"Ogni cosa è un colore. Ogni emozione è un colore. Il silenzio è bianco. Il bianco è infatti un colore che non sopporto. Passare una notte in bianco, alzare bandiera bianca, lasciare il foglio bianco, avere un capello bianco... Anzi, il bianco non è neanche un colore. Non è niente, come il silenzio. Un niente senza parole e senza musica. In silenzio: in bianco. Non so rimanere in silenzio o da solo, che è lo stesso".
Sono le parole di Leo, 16 anni, protagonista del romanzo d'esordio, di cui tanto si parla e discute in questi giorni, di Alessandro D'Avenia, Bianca come il latte, rossa come il sangue (Mondadori)
Perché il silenzio fa paura?
Bisogna per forza assordarsi di musica?
Non esiste davvero un codice del silenzio che parli anche a 16 anni?
Adolescenza e silenzio devono per forza tenersi alla larga?
2 commenti:
Provate a mettervi le cuffie nelle orecchie, a far partire una canzone(come Somewhere over the rainbow) e chiudete gli occhi. Vi sentirete rilassati, fuori da questo mondo caotico, in un'altra dimensione in cui avrete liberato la vostra testa da ogni pensiero e sentirete il silenzio dentro di voi. Non c'è più nulla intorno a voi,solo una musica che vi permette di ristabilire i contatti col mondo reale. Riuscire a raggiungere il silenzio senza la musica e isolarmi dal mondo lo trovo praticamente impossibile. Il silenzio è raro e crearlo è difficilissimo. Nella musica si trova un mezzo per raggiungerlo, anche se solo in parte.

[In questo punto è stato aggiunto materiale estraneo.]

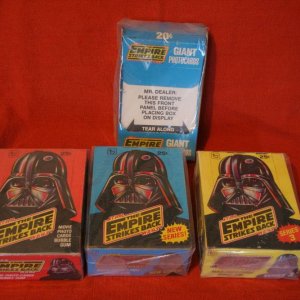 USA ESB Topps box run.JPG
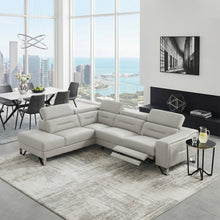 Ventura Upholstered Accent Chair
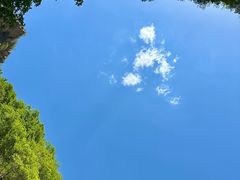 -九龙潭景区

Il silenzio è estraneo a noi adolescenti quanto agli adulti: siamo in un mondo in cui rumore,musica e suoni sono quotidiani e impossibili da eliminare. La musica ti isola da tutto questo e ti aiuta ad avvicinarti al vero silenzio.
Leggendo il posto mi è venuto in mente
"...
Io, con gli occhi chiusi, ci sto sempre, anche se non canto. Sono cieco, dalla nascita. Non ho mai visto una luce, un colore o un movimento.
Ascolto.
Scandaglio il silenzio che mi circonda, come uno scanner, uno di quegli apparecchi elettronici che spazzano l'etere a caccia di suoni e di voci e si sintonizzano automaticamente sulle frequenze occupate. So usarli benissimo, gli scanner, quello che ho dentro la testa da venticinque anni, fin da quando sono nato e quello che tengo in camera mia, accanto al giradischi. Se avessi degli amici, se ne avessi, di sicuro mi chiamerebbero Scanner. Mi piacerebbe.
Io di amici non ne ho. Per colpa mia. Perché non li capisco. Parlano di cose che non mi riguardano. Dicono lucido, opaco, luminoso, invisibile. Come in quella favola che mi raccontavano da bambino per farmi dormire, in cui c'era una principessa così bella e con una pelle così fine che sembrava trasparente. Ci ho messo tanto, tante notti sveglio a pensare, prima di capire che trasparente voleva dire che ci si poteva guardare dentro.
Per me significava che le dita ci passavano attaverso.
Anche i colori per me hanno un altro significato. Hanno una voce, i colori, un suono, come tutte le cose. Un rumore che li distingue e che posso riconoscere. E capire.
..."
E' il giallo Almost Blue di Carlo Lucarelli, forse l'associazione dei colori agli oggetti alle sensazioni, mi fa paragonare il contrasto tra buio e luce, colori a quello tra silenzio e rumori, suoni.
Secondo me è solo questione di imparare, non siamo più "allenati" al silenzio! (Quasi) ovunque ci troviamo non possiamo evitare suoni e rumori, e giustamente Dado dice che serve la musica per isolarsi per avvicinarsi al silenzio.
Quello che però mi chiedo è che ci serve per trovarlo o per evitarlo comunque un po'? In effetti a guardarsi (SENTIRSI!) intorno sembra prorio il silenzio faccia paura.
Però un appunto a Leo, il bianco è tutto è la fusione di ogni colore... forse abbiamo paura di scoprire troppo stando in silenzio!